While college students are marginally capable of recognizing and evaluating good teaching, younger students are entirely incapable. Teaching at lower grades must be evaluated by student outcomes on standardized tests controlling for student input quality. Simply put, you conduct a pre and post treatment experiment. In class evaluations by a teacher of proven quality and teacher proficiency tests are also necessary.
"The Periodic Table of the Elements is fundamental and should be approached in grade school with mastery by high school. There are many basics that probably should be learned by all U.S. students including the metric system which seems to be a foreign language."
Sounds like a great idea. Math & science education definitely needs to be expanded although this is a challenge due to the shortage of teachers with strong math/science backgrounds.
Creating incentives to attract talent from other professions or using the internet to leverage the talents of great teachers, I believe that innovative approaches would be of great value.
Math & science education definitely needs to be expanded although this is a challenge due to the shortage of teachers with strong math/science backgrounds.
Teachers with strong math/science backgrounds tend to despise the political correctness, mandatory leftism, and general insanity (it's ok to get the wrong answer if you tried real hard) of primary and secondary education. Also consider that such people tend to be male, and few sane men choose to be in an environment that presumes them to be child molesters.
Obama couldn't teach a US Government class in a public high school.

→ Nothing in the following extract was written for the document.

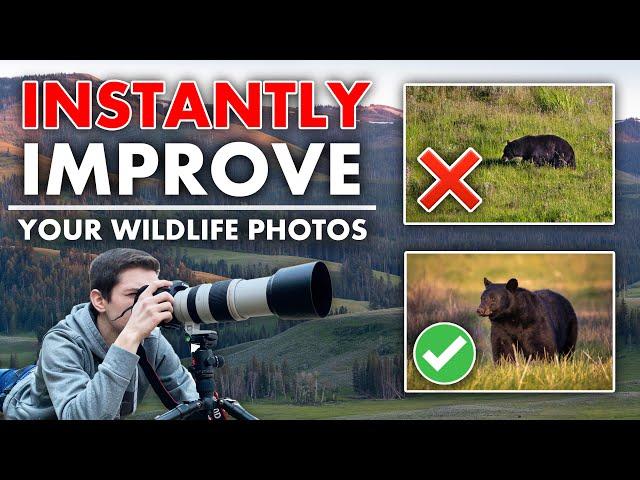 5 Tips to Make your Wildlife Photography INSTANTLY Better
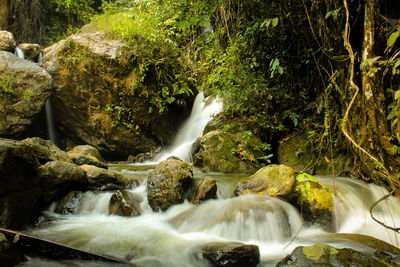 Scenic view of waterfall in forest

He couldn't get teaching credentials either.
0f course, the simple answer is privatize. If you don't like one bakery's bread, you shop at a differnt store.
If ALL schools, including existing public ones, were placed on a voucher system, parents would have TRUE choices and send their kids to the perceived best one that is convenient.
Teacher hiring, firing, pay, schedules, everything, would be in the private hands of the school owners & the principal, who naturally want to maximize the success of their school (just like the bakery does).
"Algebra, Geometry, and one science course of any kind - the rest is optional"...
Geez! If I may be nosey, when did you graduate from high school?
The reason I ask is that I graduated from parochial school in '69 and by the time one was a sophomore one had already been though those two classes and was working on the 2nd mandatory algebra class, mandatory biology class with lab and other typical courses of history, English, and economics...
The public schools in Laredo, Tx didn't vary that much from what was mandated in the school I was in...
In public school most everyone when they graduated back then had at least four semesters of algebra, two semesters of calculus, two semesters of chemistry, physics, biology and earth science...
Are languages other than English mandatory anymore?